Two fictional characters, Val, a volunteer, and Sal, a salaried professional, last seen talking about the experience of volunteering, having been having a chat about what they’ve been getting up to recently.

Val – So, what have you been up to this month?

Sal – Lots – health and wellbeing policy, public health research funding applications, the state of the local health service.

Val – Anything you’d particularly like to talk about?

Sal – Well, I suppose the things that’s on everyone’s lips. You really can’t go to a work do or a social event without people bringing the subject up.

Val – The referendum?  But what’s that got to do with health and wellbeing?

Sal – Well, perhaps only second to the referendum in its profile.  I’m talking about STPs of course.

Val – STPs?  OK, you’ve got me.  Sexually transmitted … what?

Sal – No, more important (and perhaps more insidious and harmful) than that.  Sustainability and Transformation Plans.

Val – Glad you brought those up – we’re getting rather too many people reading these blogs so anything you can do to keep the numbers to a manageable-

Sal – OK, no need to be like that.  They’re important.

Val – Really?  Will they solve the problems of the health service?

Sal – there’s a chance they might help.  But there’s also a risk they could be just a bit disastrous.

Val – Not a fan then.  Can we just go back a few steps, remind me again, what are these sexually trans-

Sal – Sustainability and transformation plans.  Well, planning guidance at the end of last year [ref 1] said every area had to produce a one year operational plan and a five year sustainability and transformation plan.

Val – Sounds good to me (except perhaps for the soviet overtones) – a bit of long term planning.

Sal – And it was to be about integration – bringing different parts of the health system together, oh and local government.

Val – Integration – good.  That’s another thing on everyone’s lips.  And not forgetting local government, even if only as an afterthought.  I’m not quite getting why you’ve got this adverse reaction to them.

Sal – Well, the geographical areas these plans would cover were to be decided locally, and they were to be drawn up with the involvement of local people.

Val – No, I’m still not getting it.  It still sounds fine to me.

Sal – Except that’s not what happened.

Val – Don’t tell me – it’s one of those things that takes so long to get agreed, by the time you do, it’s too late to get anything useful done?

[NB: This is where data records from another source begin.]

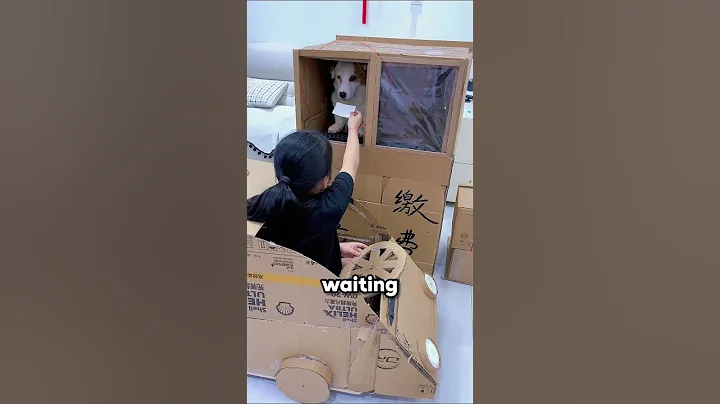 This Girl Built a Cardboard Car for Her Pets 🚗🐱🐶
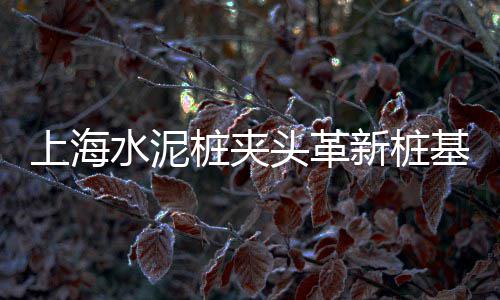 通化灌装水泥零售、批发零售水泥红砖厂家、哈尔滨水泥厂是否零售、黄石水泥预制板零售
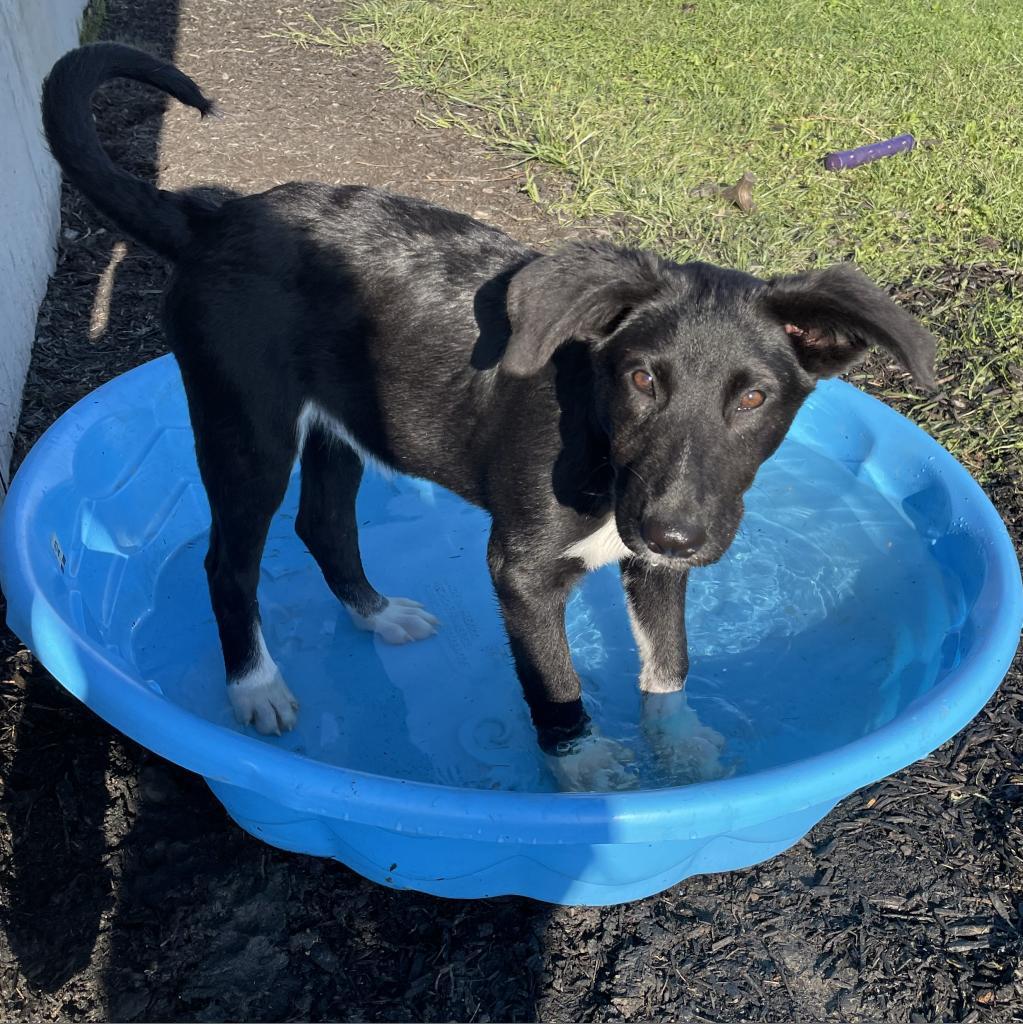 Oliver~ Graduated From Pawsinprison. thumbnail 4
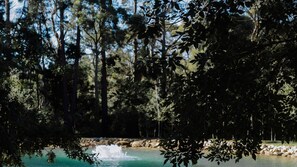 Un cadre naturel agrémenté d’un élément aquatique, entouré d’une végétation luxuriante et d’arbres.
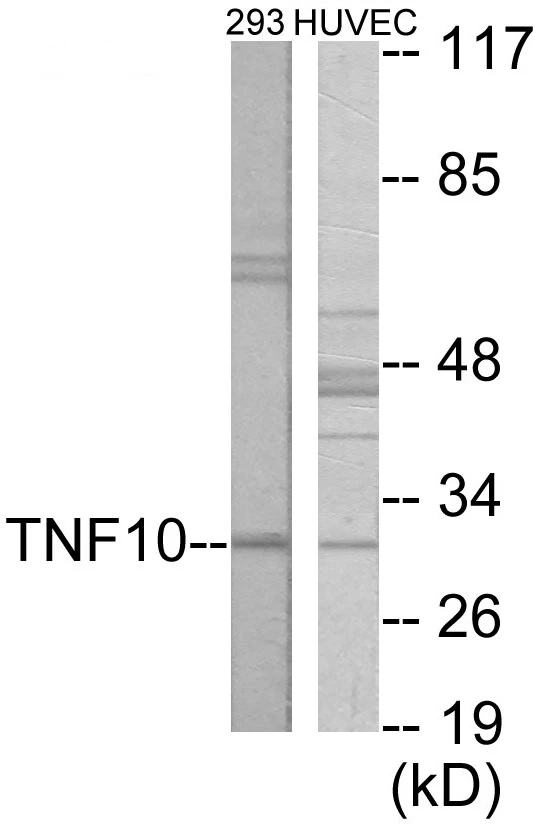 CD253 Cell Based ELISA Kit (A103694-96)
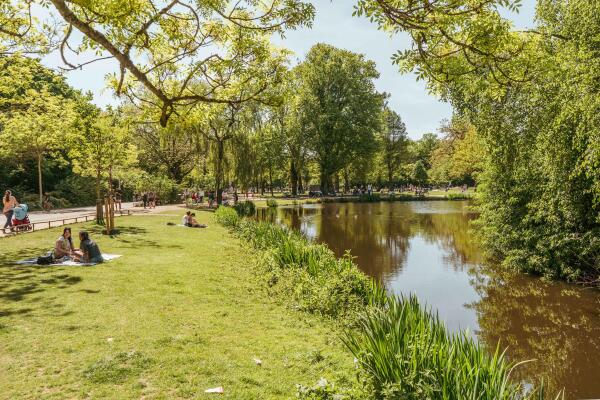 photo 40 Van Baerlestraat 17 3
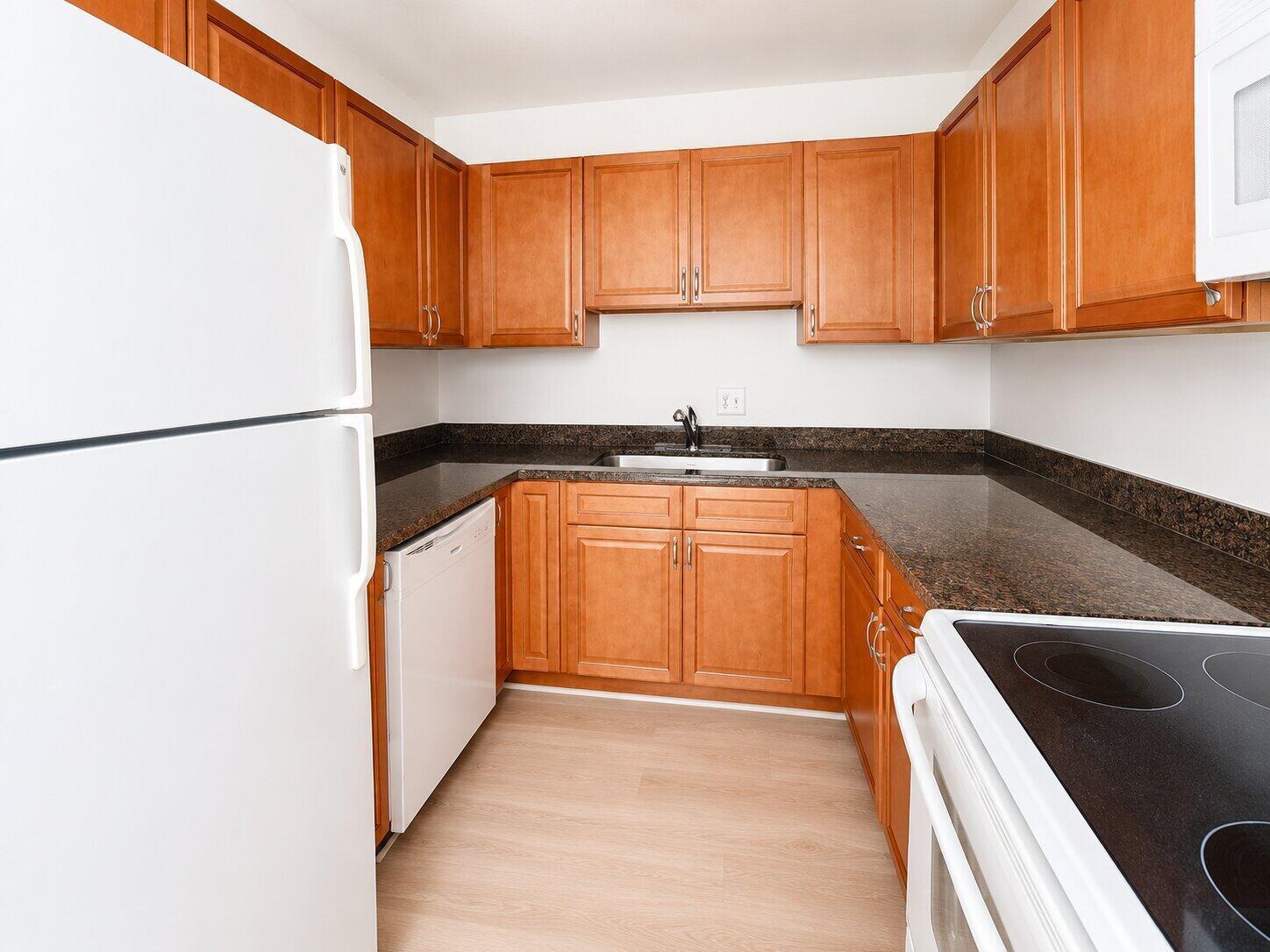 2201 NE 36TH Street # 102, Lighthouse Point FL 33064 photo 5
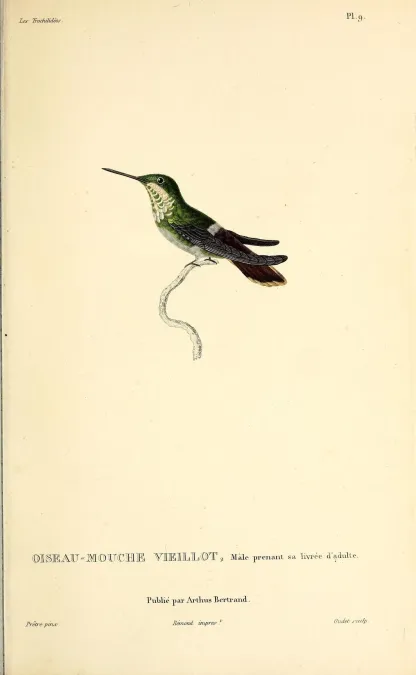 File:Festive coquette (Lophornis chalybeus) - BioDivLibrary.jpg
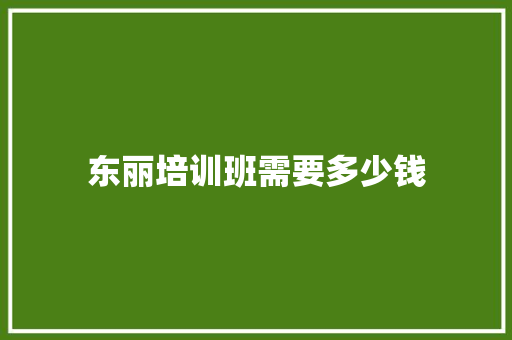 东丽培训班需要多少钱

Sal – No, the first plans have to be submitted by the end of June.

Val – Well, that’s good.  Quick progress.  Submitted to whom?  To the Health and Wellbeing Board, to local people?

Sal – No, to NHS England.  Involvement with local people has been virtually impossible in the timescale.  The areas, which were pretty much imposed from above, include a number of different Health and Wellbeing Board areas.  And June seems to have proved too short a timescale to get anything meaningful agreed [ref 2].

Val – Oh, I’m starting to get it.  But you talked about local authorities being involved – that’s a good thing, surely, and that must mean Health and Wellbeing Boards involved too.  … Mustn’t it?

Sal – Well local government has been involved but not very much in many areas [ref 3].  And this is all independent of Health and Wellbeing Boards.

Val – But if this is about longer term strategy integrating health and local government, wasn’t that what Health and Wellbeing Boards were set up for, by statute?

Sal – Exactly.

Val – So why not use them?  Why not push these new plans through them?

Sal – Probably because they think they haven’t worked.  Simon Stevens recently said that the STPs were “work-arounds” for a set of institutional arrangements, governance structures and incentives that are pulling people apart [ref 4].  It’s not clear what he was talking about – it may have been about tariffs and the relations between CCGs and providers, but he may also have had Health and Wellbeing Boards in mind.

Val – So it’s not the idea of long-term, joint planning you object to then.

Sal – Not at all.  No, it’s the short term imposition of the areas and process, where relationships will have to be developed virtually from scratch, with lip service paid to the involvement of local government and local people and cutting across other initiatives, some of which have been going for some time and are about to bear fruit.

Val – So, you’re saying they’re a dangerous distraction?

Sal – Yes.

Val – And if they don’t deliver much and take people away from existing good work, they could do more harm than good?

Sal – Couldn’t have put it better myself.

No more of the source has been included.